- Born: 21 February 1919 Șuici, Argeș County, Kingdom of Romania
- Died: 6 September 1972 (aged 53) Fürstenfeldbruck, West Germany
- Cause of death: Shot to death by Black September Organization terrorists
- Body discovered: Fürstenfeldbruck Air Base
- Resting place: Kiryat Shaul Cemetery

= Kehat Shorr =

Israeli coach and Munich massacre victim

Kehat Shorr (קהת שור; 21 February 1919 – 6 September 1972) was the shooting coach for the 1972 Israeli Olympic team.

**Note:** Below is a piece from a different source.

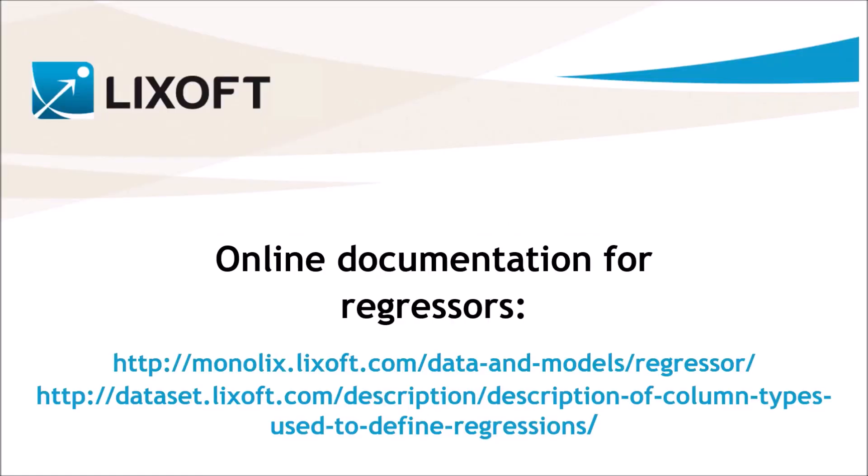Finally, you will find more details on our online documentation, including how the interpolation is handled for more complex cases, for example, when additional doses are added with a column steady state or a column additional doses.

He was one of the 11 members of Israel's Olympic team killed in the Munich massacre.

==Biography==
Kehat Shorr was born in Romania. There, he devoted himself to marksmanship and became an expert marksman. He moved to Israel in 1963 and lived in Tel Aviv with his wife and daughter. He joined the “Hapoel” team and quickly became its coach, training many young Israeli marksmen. He trained the national team for the Twentieth Olympic Games in Munich.

==Munich massacre==

Israeli hostages Shorr (left) and Andre Spitzer (right) talk to German officials during the hostage crisis.

Kehat was among the Israelis taken hostage and murdered by Black September terrorists at the 1972 Summer Olympics. The Israeli team was sleeping in their quarters in the early morning hours of 5 September 1972, when the terrorists raided the compound, murdered two of the Israeli athletes and took the others hostage. Kehat Shorr was photographed standing next to fellow coach Andre Spitzer at the second-floor window of their besieged building while terrorists trained guns on the pair. The German authorities failed to rescue 9 hostages, including Kehat Shorr, resulting in their deaths. Shorr's team members, Henry Hershkowitz and Zelig Stroch, survived the attack.